* **WORK TO BE COMPLETED**: Reproduce exactly, and only, the lines of the material below running from the line bearing "electronics – BSR-6160/MAR" through the line bearing "Продажа 1-комнатной квартиры, 26". Leave any pictures out.

* **DATA**:
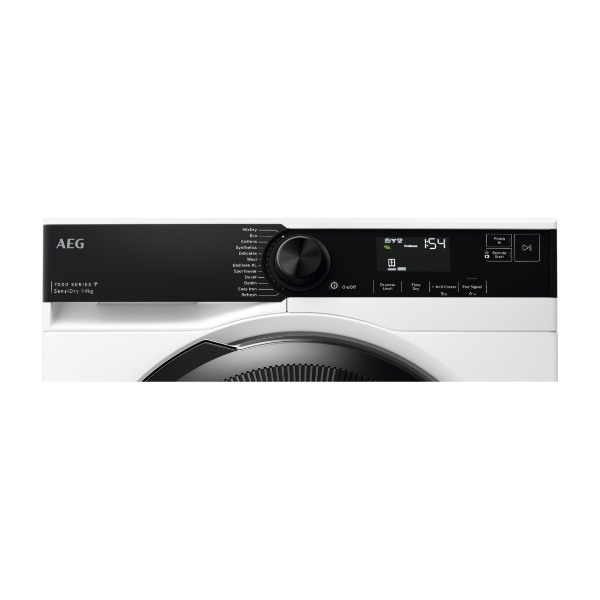 AEG 7000-serie TR744P95P tørretumbler billede 5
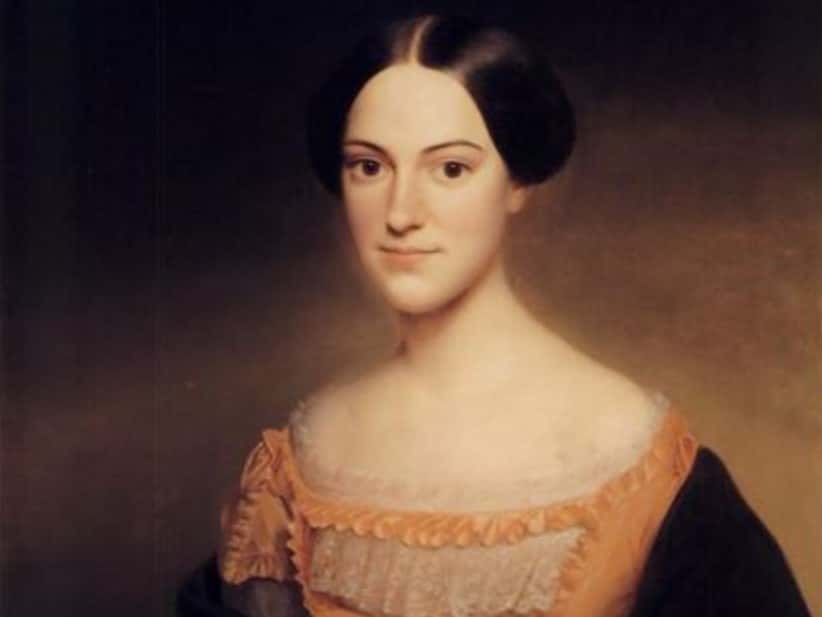 Caroline Astor Facts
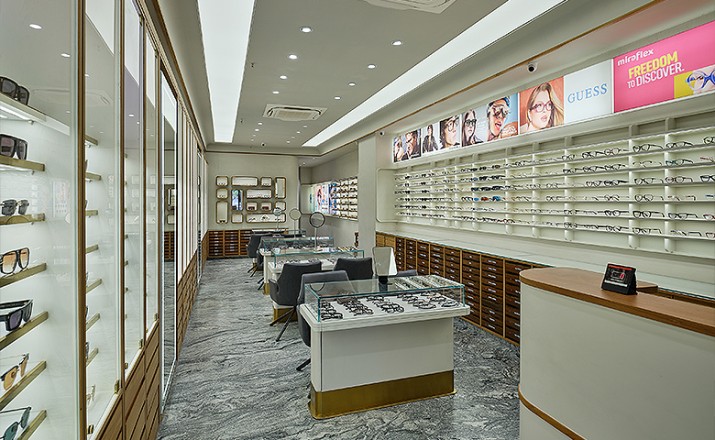 R Kumar Opticians strengthens retail footprint with two new stores in Ahmedabad
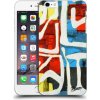 Pouzdro a kryt na mobilní telefon Apple Picasee Ultimate Case pro Apple iPhone 6 Plus/6S Plus - SPZM 3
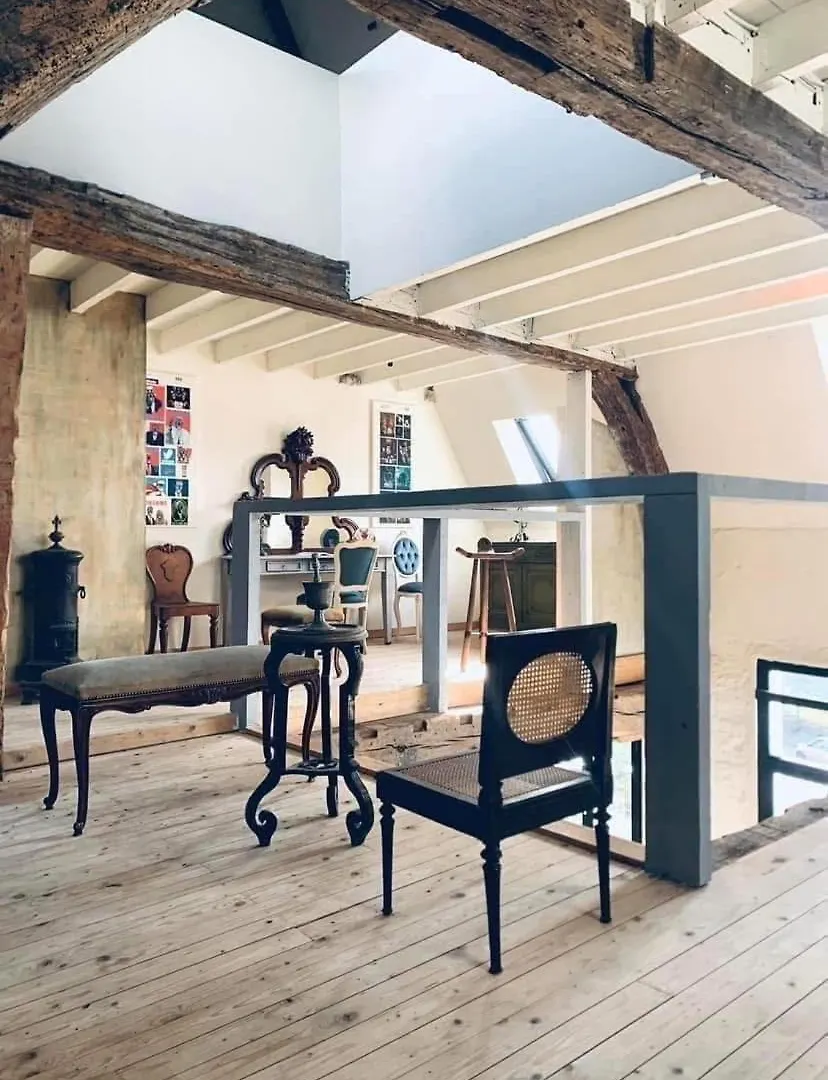 The Mystic'S Lodge Group Bookings Antwerp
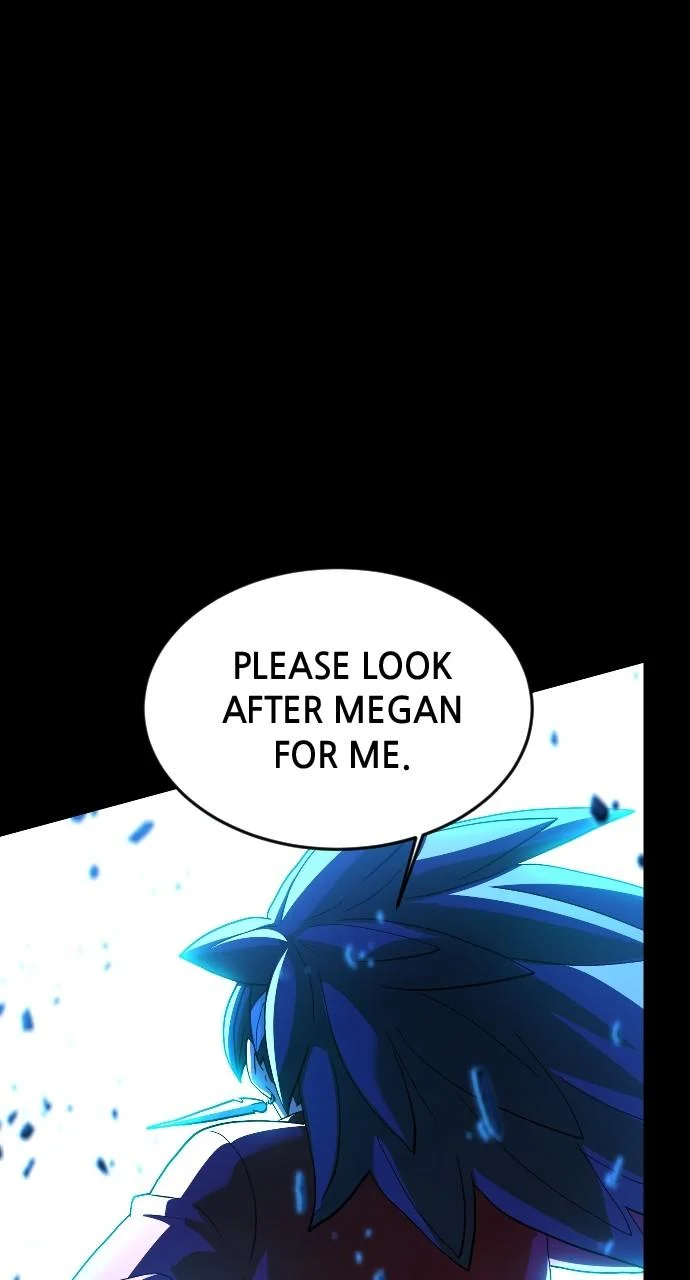 The Last Golden Child - Chapter 170 Page 59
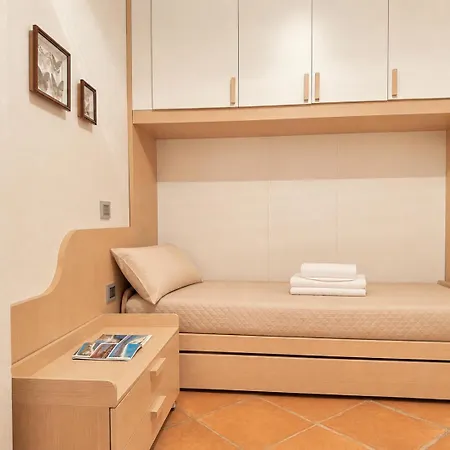 Marina Three-bedroom House With Pool Prázdninový dům Porto Cervo
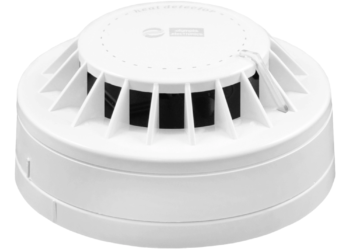 🌡️⚓Détecteur de chaleur analogique adressable à taux de montée avec isolateur intégré – Olympia electronics – BSR-6160/MAR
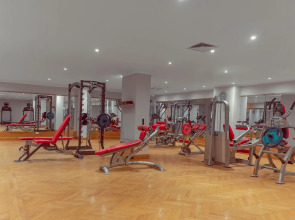 Old Palace Sahl Hasheseh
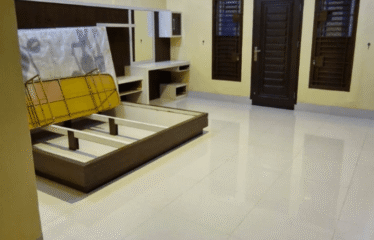 Rumah Daerah Wahidin Jalan Duyung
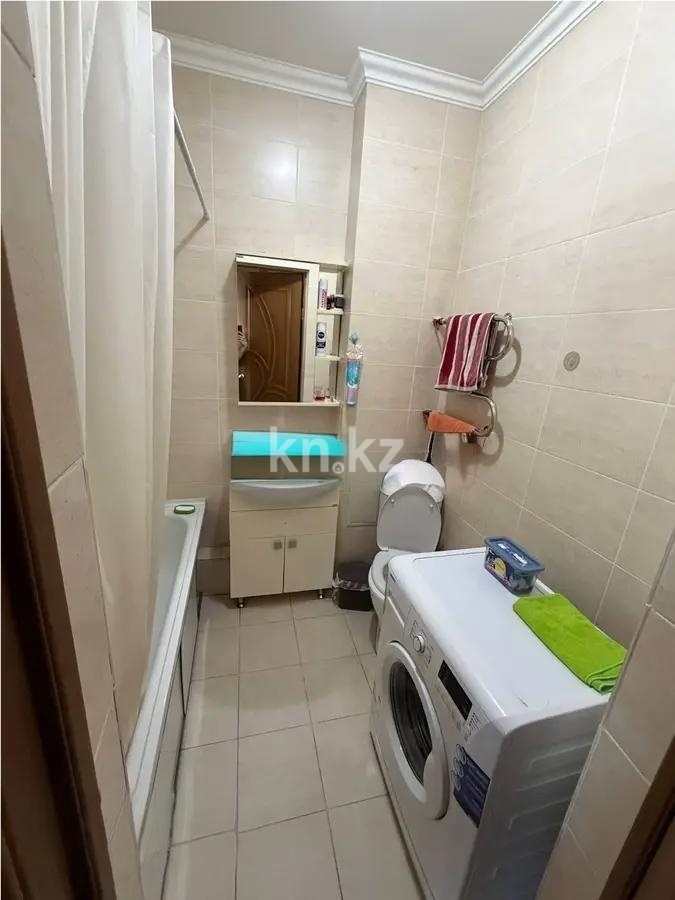 Продажа 1-комнатной квартиры, 26 м² в Астане - фото 3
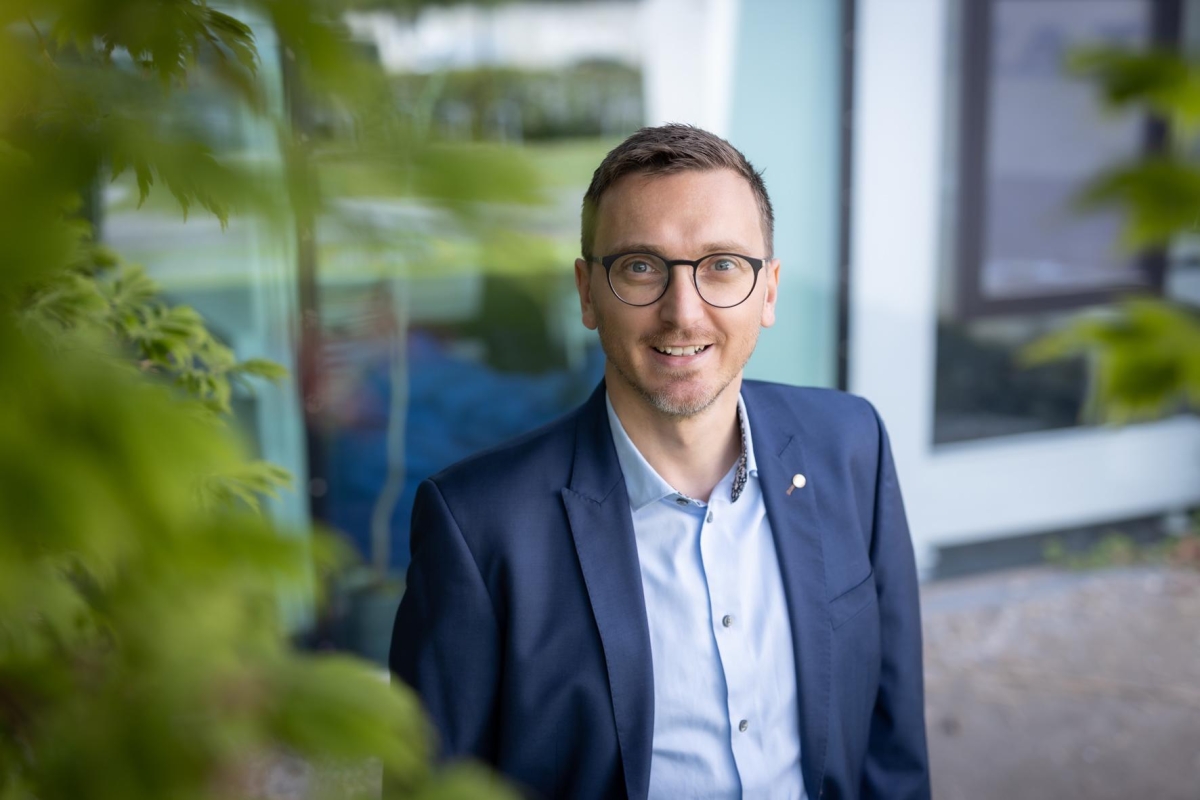 Prof. Franz Eder &uuml;ber die &bdquo;Logik&ldquo; von Kriegen 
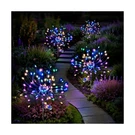 Anordsem Solar Lights Outdoor Decorative: Bendable Copper Wire With... Fast Ship. Fixed Price $47.59.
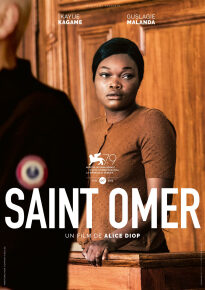 دانلود movie Saint Omer 2022
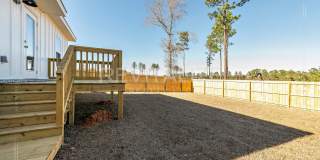 Newly Built 4 Bed 2 Bath Craftsman Home in Spanish Fort with Deck Gallery 45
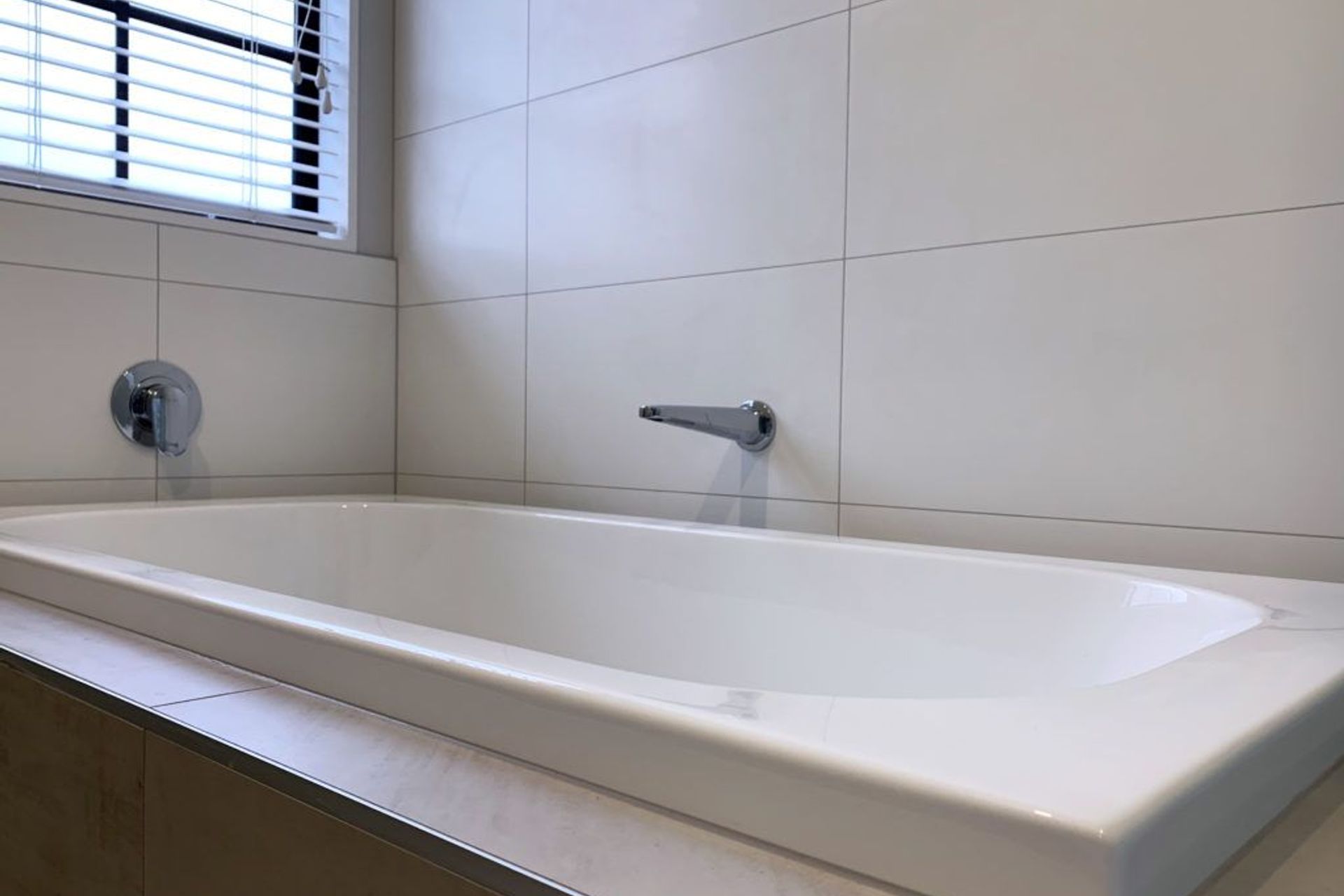 Epsom House Renovation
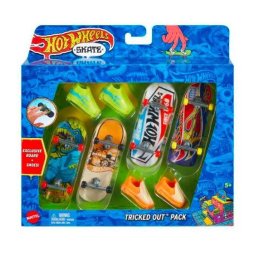 Zestaw do fingerboard Skate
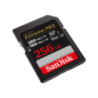 SanDisk 256GB Extreme PRO SDXC UHS-II Card (SDSDXEP-256G-GN4IN)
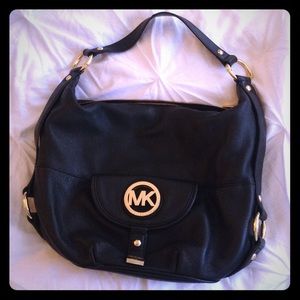 Michael Kors Purse - Black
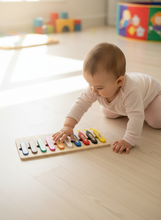 Load image into Gallery viewer, Customizable Kid’s Color learning puzzle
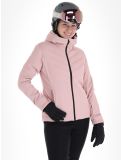 Thumbnail 4F, Jacket  F122 ski jacket women Light Pink pink 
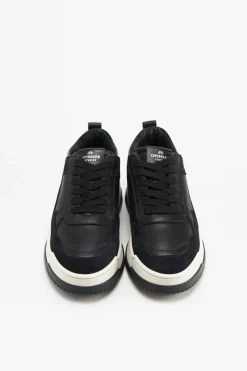 New Cph161 Leather Mix Frauen Sneaker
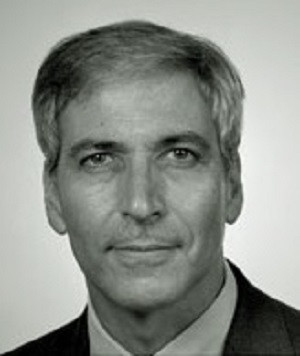 Emmanuel Lazega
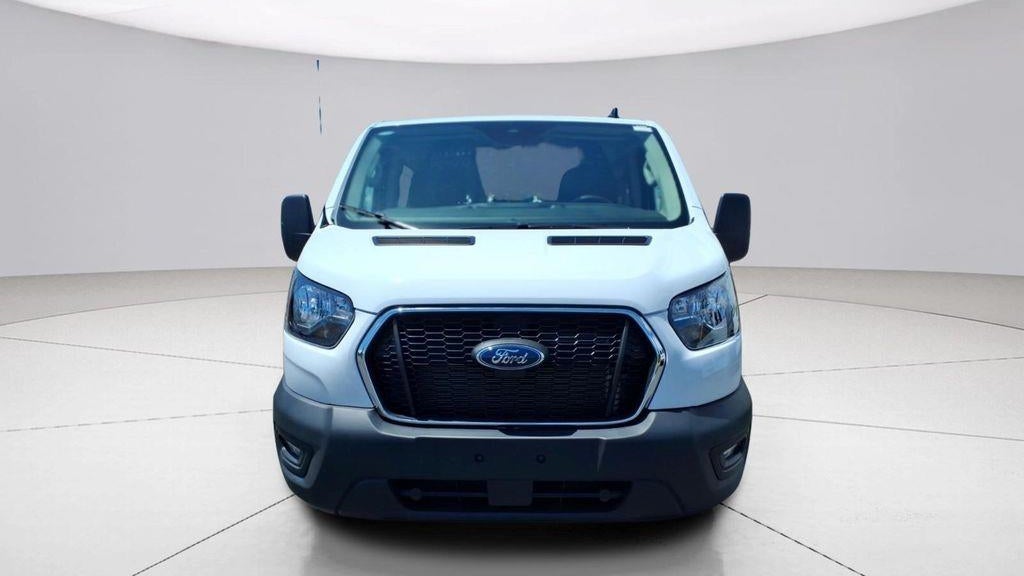 2024 Ford Transit 250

* **RESPONSE**:
 🌡️⚓Détecteur de chaleur analogique adressable à taux de montée avec isolateur intégré – Olympia electronics – BSR-6160/MAR
 Old Palace Sahl Hasheseh
 Rumah Daerah Wahidin Jalan Duyung
 Продажа 1-комнатной квартиры, 26 м² в Астане - фото 3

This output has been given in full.